Pochette de l'album "When the kite string pops" du groupe Acid Bath

Tracklist :
1. The blue
2. Tranquilized
3. Cheap vodka
4. Finger paintings of the insane
5. Jezebel
6. Scream of the butterfly
7. Dr. Seuss is dead
8. Dope fiend
9. Toubabo Koomi
10. God machine
11. The Mortician’s flame
12. What color is death
13. The bones of baby dolls
14. Cassie eats cockroaches

Créature du marais

Ça sort tout poisseux, ça suinte… Les guitares sont lourdes et nous pouvons aisément reconnaître des éléments hérités de Black Sabbath dans la plupart des riffs, surtout dans les moments de lourdeur. Et puis on se dit aussi que le son fait très stoner aussi… Les moments d’accélérations peuvent faire penser à du death old school, et la simplicité des riffs peut même nous faire lorgner du côté de Celtic Frost période « Morbid tales » pour l’approche primitive du riff. On peut également penser à la scène alternative grunge avec cette énergie désespérée sur certains morceaux (« Tranquilized »).

Vous l’avez compris… On sait pas trop ce que c’est. Un conglomérat d’influences… Des pionniers aux groupes extrêmes, Acid Bath s’inscrit dans un ensemble de références.

Mais Acid Bath, c’est du sludge…

Le sludge ce n’est pas vraiment un genre, c’est un lieu, une atmosphère.

Acid Bath nous vient de Louisiane. C’est un des groupes pour lesquels le lieu de naissance n’a jamais été aussi primordial pour comprendre la musique proposée.

L’album sent le marais, la sueur, l’abus d’alcool, l’ennui et l’abandon… Sent le quotidien des perdus… Je vous conseille d’aller voir les photos et de vous renseigner sur la ville de Morgan City et de Houma ; les deux villes dont sont originaires les membres du groupe. Fait rigolo, Houma serait une ville jumelée avec la ville de Cambrai en France !

Rigolo également : le groupe est signé sur le label cofondé par un des membres de D.R.I, groupe de thrash crossover californien. Dois je vraiment vous expliquer la blague ?

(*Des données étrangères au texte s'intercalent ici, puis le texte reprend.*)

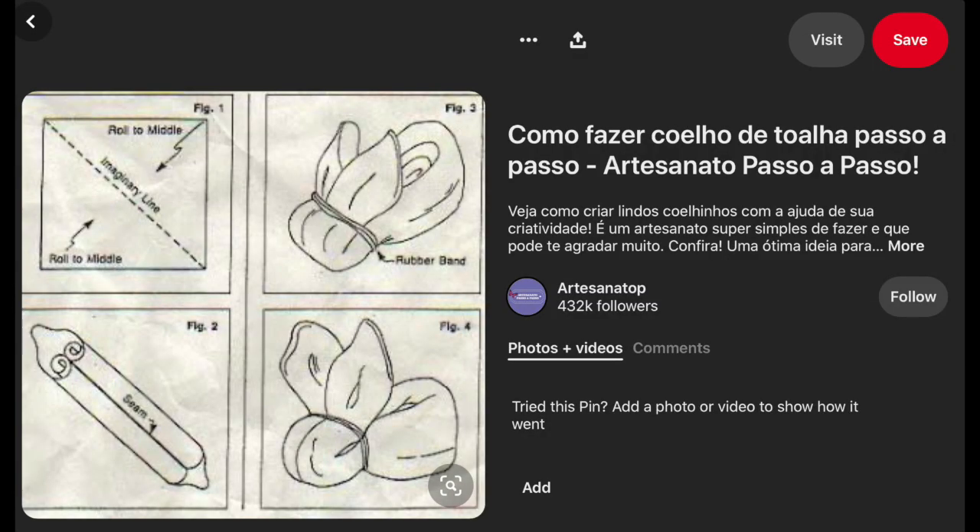I've made these before but couldn't quite remember how to do it, so I went on Pinterest and found a couple of different ways to create them. There was one drawing I followed and it sparked my memory as to how to make them. I'm going to put that reference here so I can give credit to the person who drew the diagram, which was very helpful.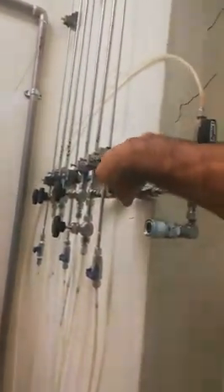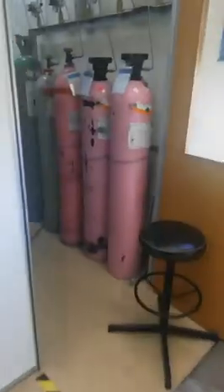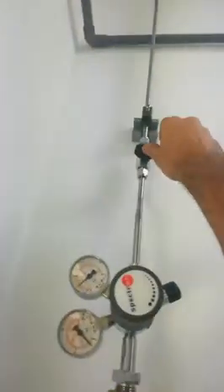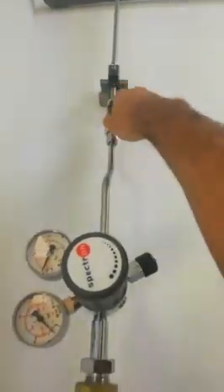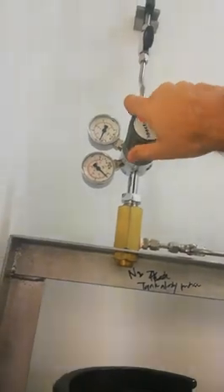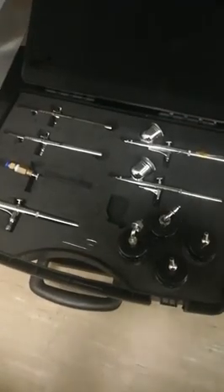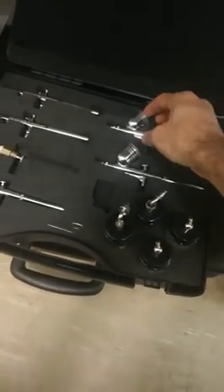First we have to turn on the nitrogen setup. Here we have different shapes available.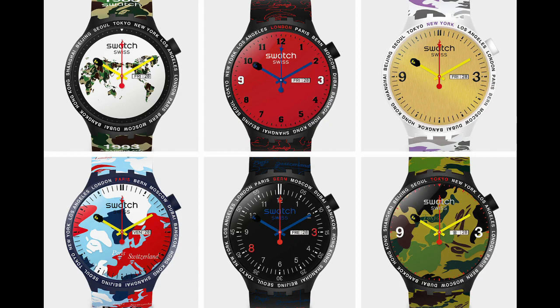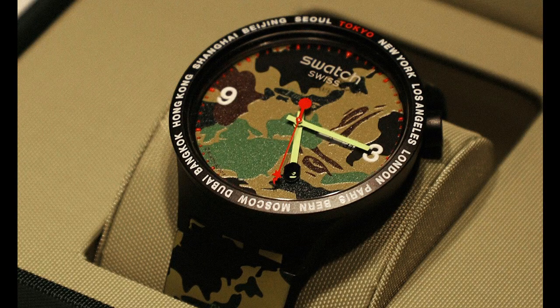There were six versions of this watch. The first is a camo version with Tokyo at 12 o'clock — green camo, and this is the one that really caught my eye on Instagram. There's also one for Bern in Switzerland with a black watch and blue and red accents. Then there's a Paris version in red, white, and blue camo. The New York version has a white camo strap and watch with a yellow dial — very bold — and obviously New York is at 12 o'clock.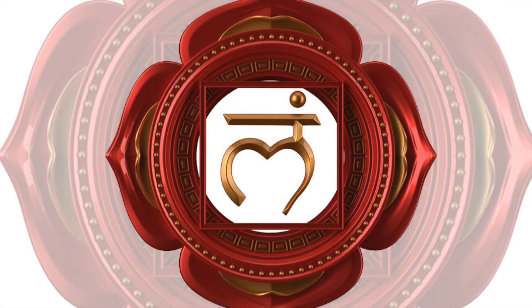Exploring Muladhara. For this practice you can stand, sit, or assume a lotus position. Listen. Gently close your eyes and take a few breaths as you relax the body.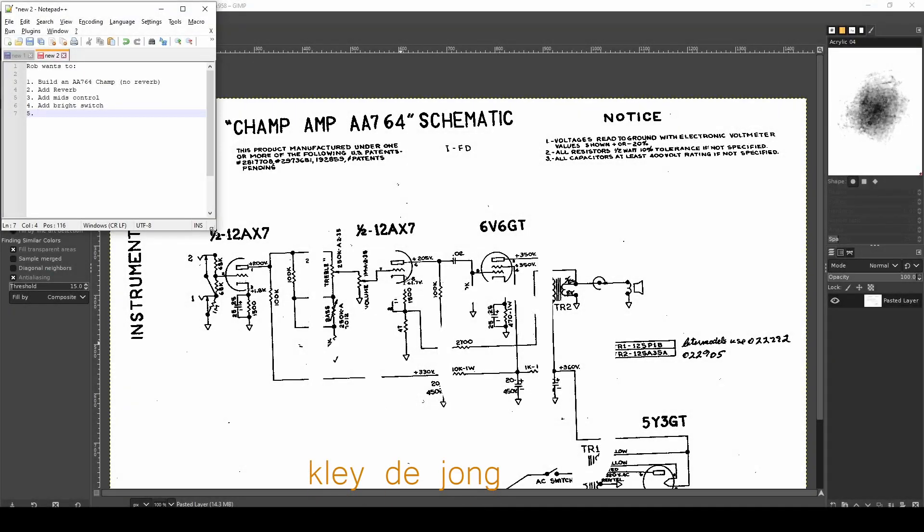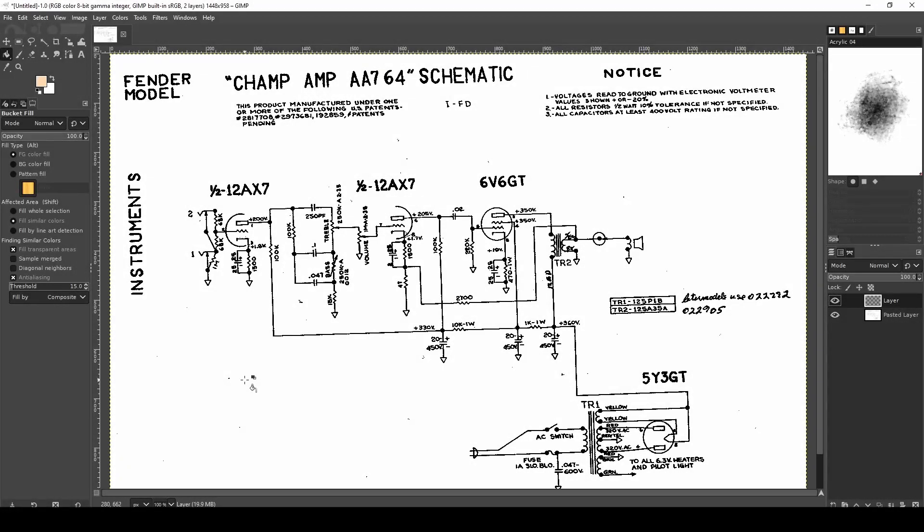Hey, it's Clay. Welcome to another video. This is going to be a question and answer session. We're going to talk about modifying a Fender Blackface Champ. I got a message from my friend Rob — he's wanting to build an AA764 Champ, which is the Blackface Fender Champ style circuit, the non-tremolo version. What he wants to do is add a reverb control, a mid-range control, and a bright switch, so we're going to talk through those mods and maybe a couple others that I think might be fun and worth considering.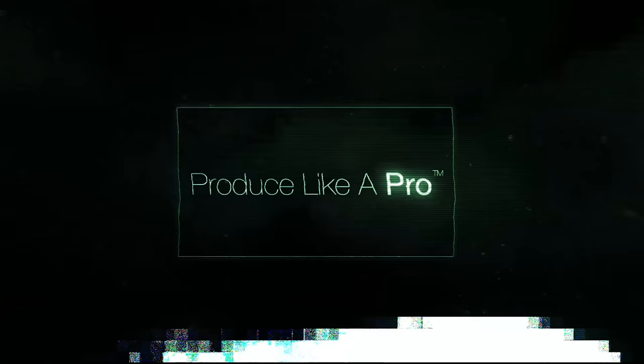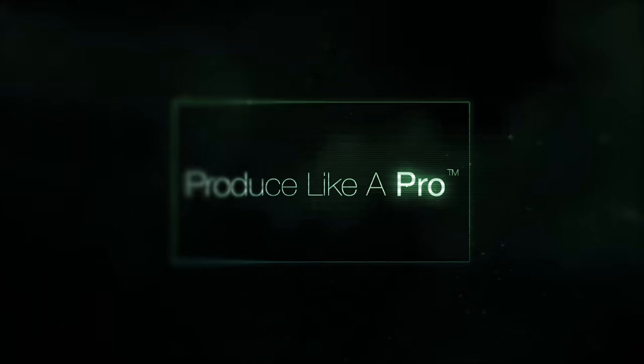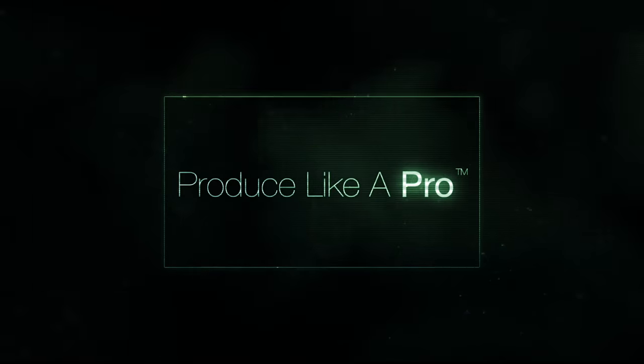Hi everybody, hope you're doing marvellously well. We're back with another Frequently Asked Questions Friday. Please hit the like button and subscribe, and most importantly leave your questions and comments below for future Frequently Asked Questions — this is where we look and get questions for future videos. You can also go to producelikeapro.com, sign up for the email list, and you'll get a whole bunch of free goodies — videos, samples, and all kinds of wonderful things sent to you for free.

Rigolo… Voilà bien un terme et ses synonymes que vous pourrez oublier à l’écoute de l’album..

La boue

On commence par le son… Une guitare ultra lourde, agressive et martelante. De temps en temps quelques leads mélodiques apparaissent alors, déformés par un effet de pédale. Ces mélodies viennent aérer les compos mais elles ne contribuent pas à rendre l’atmosphère plus saine. Elles sont torturées et le blues se fait malmener pour qu’en émerge un visage de folie.

Chambre des dissections

Il faut que je m’attarde sur la voix… La beauté glauque de l’album réside dans l’interprétation du chanteur (Dax Riggs). Un jeune homme qui a une façon de chanter particulière : déshumanisée. Le chant oscille entre chant clair et vociférations rageuses. Seulement… Il y a plus d’émotion dans son cri que dans son chant clair… Le chanteur récite des phrases et semble absent de sa propre voix. Ce qui rend la chose plus dérangeante lorsque les paroles sont comprises… Interpréter l’anémie émotionnelle de personnes atteintes de psychopathies n’a rien d’évident, et il le fait.

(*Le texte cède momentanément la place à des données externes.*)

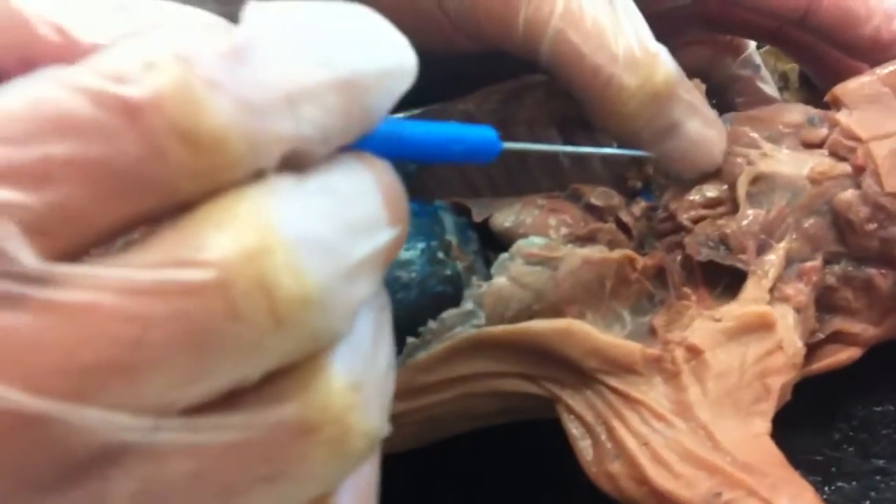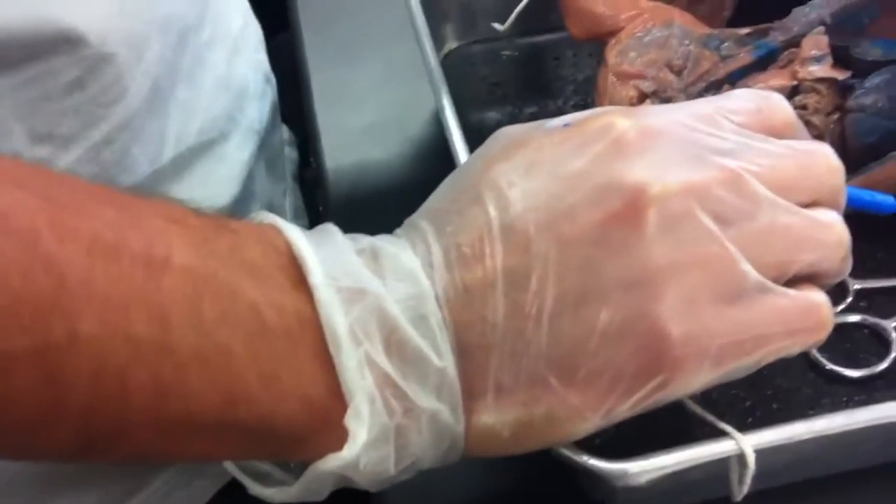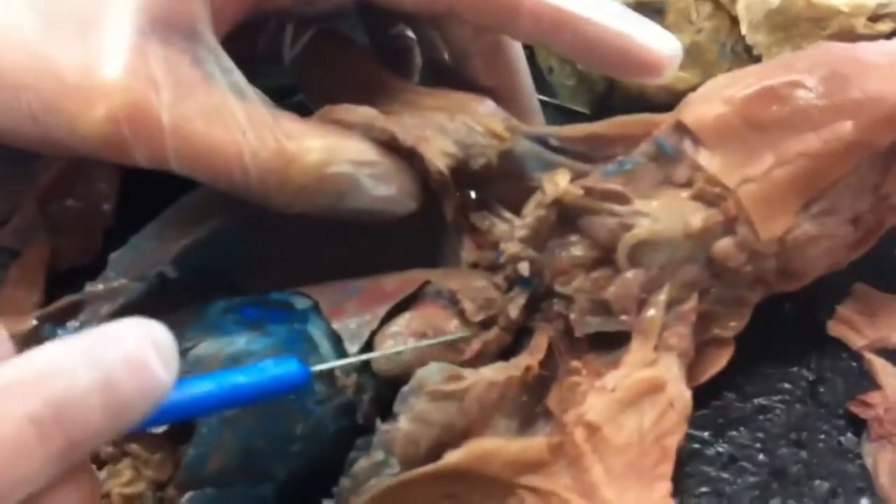And then the thymus. What's the thymus part of — the circulatory stuff? Look for page 44. Thymus. The thymus is on top of the heart, that's right. On top of the heart right here. This little part right here.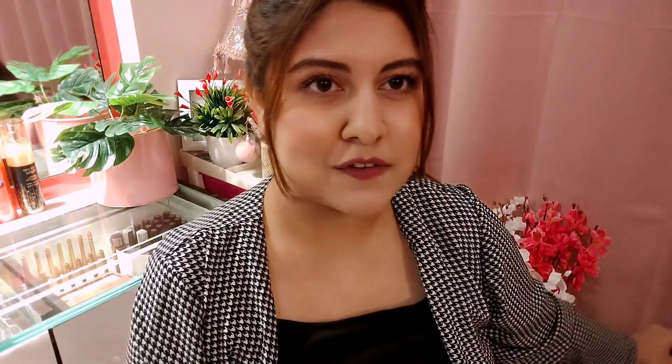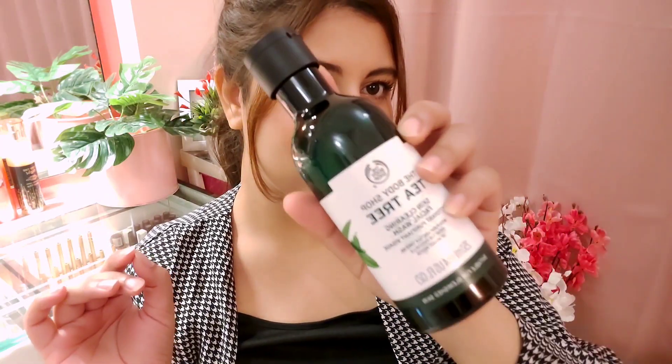The first product I have is the Body Shop Tea Tree Skin Clearing Face Wash. This is 250ml and the price is £6.95. This is what it looks like — it's pretty huge, literally the size of shower gels, and it has a pump cap which is super easy to use.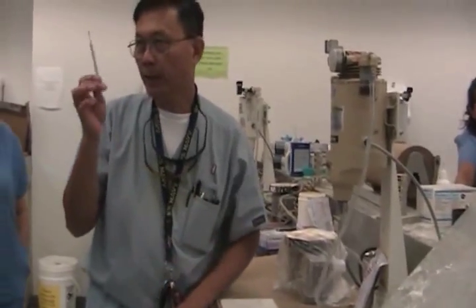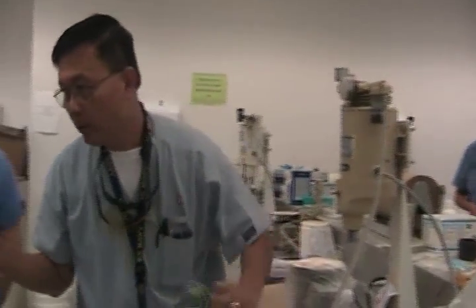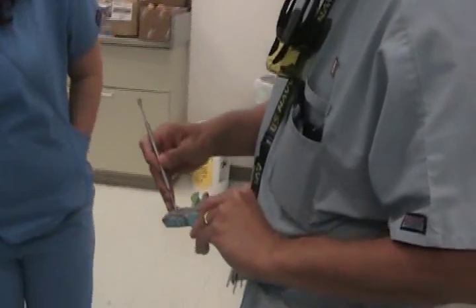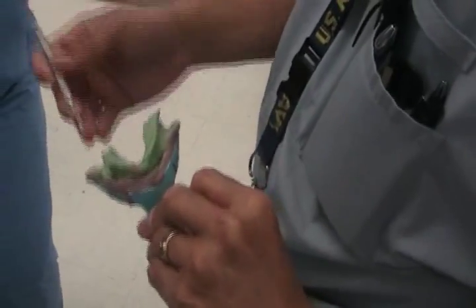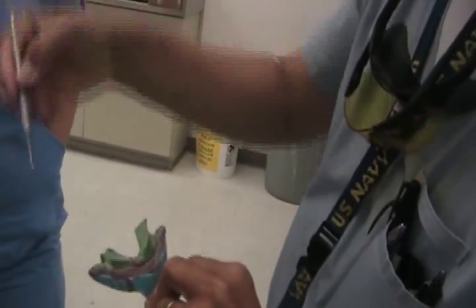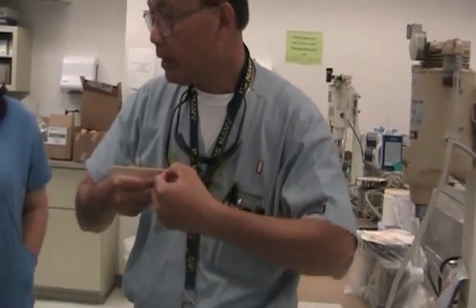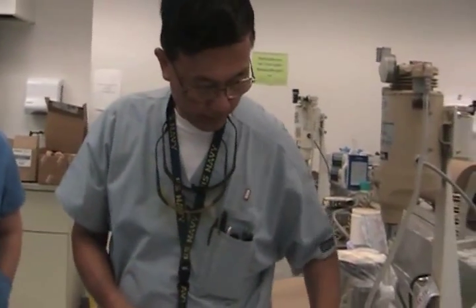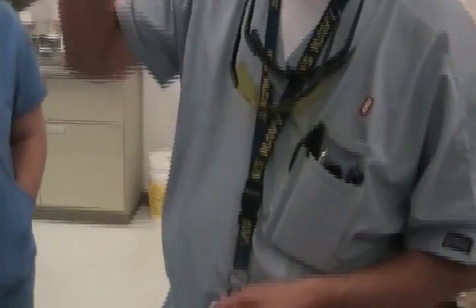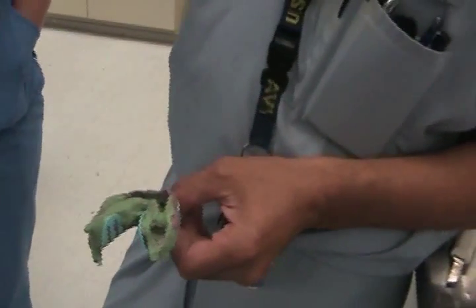Notice I have a pointed instrument — it doesn't have to be this one, it could be a cotton tip applicator. Anything as long as I have something pointed. The purpose for this is when I go and flow and I see the new material rolling in, sometimes the best way to catch a bubble is you just let it roll. I direct each stone to go in and rise up. If you don't have an instrument right away, just break a little piece of this and you've got something pointed. That's one trick.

On sent la souffrance dans les cris, et la rage, et la frustration (il est beaucoup question de désir sexuel dans les textes). Puis dans le chant clair une sorte de placidité déconcertante, sans âme, dépouillé de la moindre intonation qui donnerait une vibrance aux notes… Soutenu par des backing vocals de l’enfer, il faut entendre les mutilations vocales…

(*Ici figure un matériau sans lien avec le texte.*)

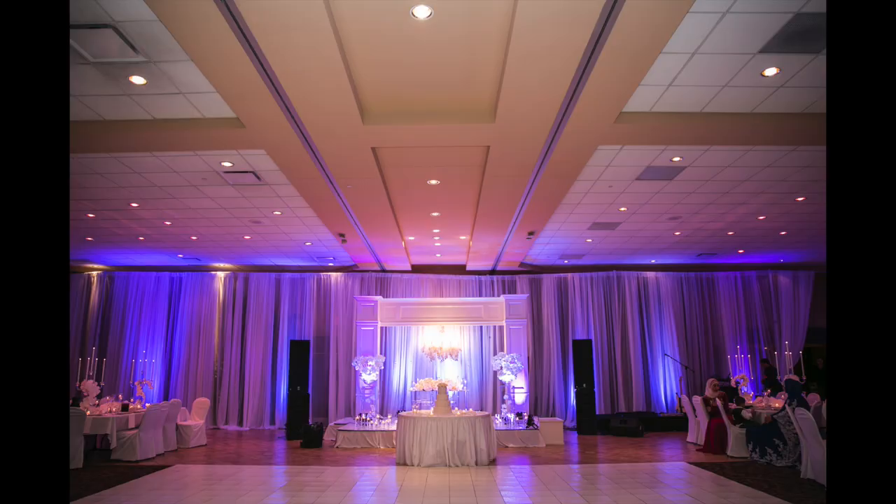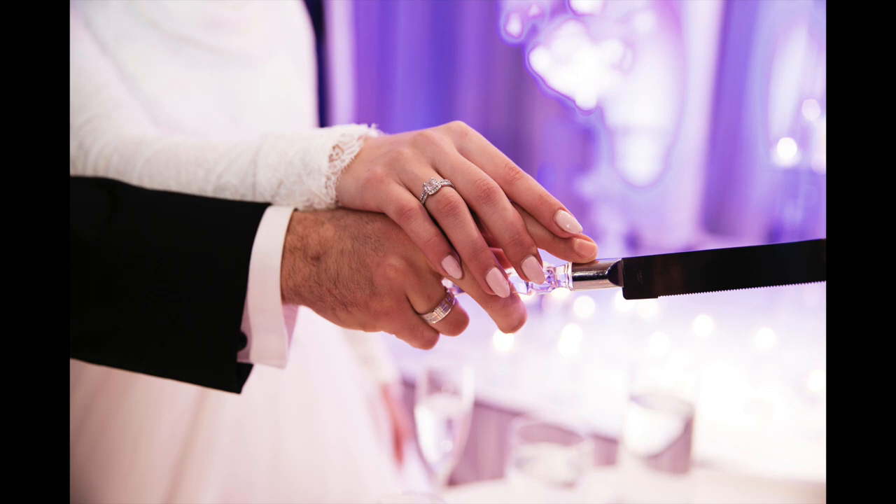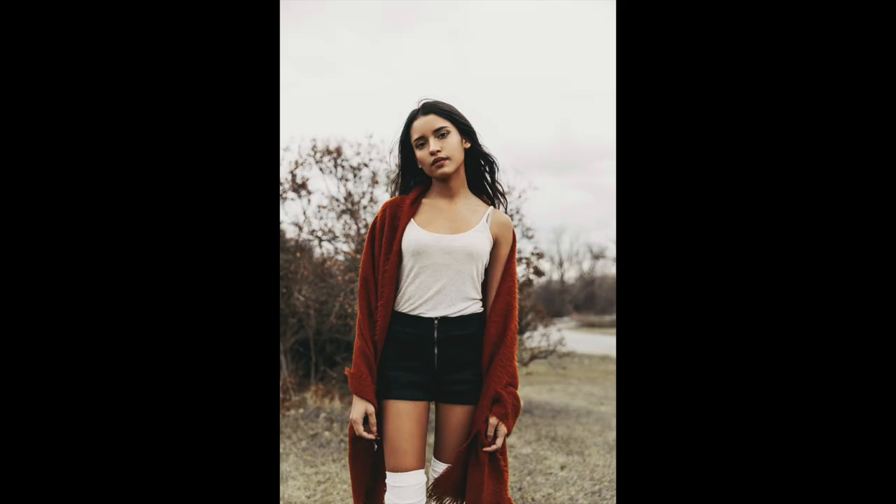I am a prime lens shooter — I usually don't shoot with zoom lenses. This is my first official zoom lens, and the first time I shot with it, I immediately fell in love. I used it for a fashion photo shoot. Here are some photos I took with the 24-70 lens. These are from an event, so it's really great for events — you're able to get those close-ups as well as the whole scene.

Le chant clair n’est pas serein : il est indifférent aux hurlements qui l’ont précédé venant de la même gorge et ne craint pas ceux à venir. Il pénètre sans plaisir, il dissèque sans état d’âme les pleurs et les agonies.

Embourbé

Il faut reconnaître que si l’interprétation est unique et intense, les guitares inspirées et la batterie ont une assise rythmique mettant en avant la lourdeur et l’hystérie des différents passages ; quelques longueurs se font sentir.

L’album est long (68 min) et les morceaux le sont également, hormis « Cheap vodka » et « What color is death ? », tous les morceaux dépassant les 4 minutes. Cinq d’entre eux font 6 minutes et trois atteignent les 5 min.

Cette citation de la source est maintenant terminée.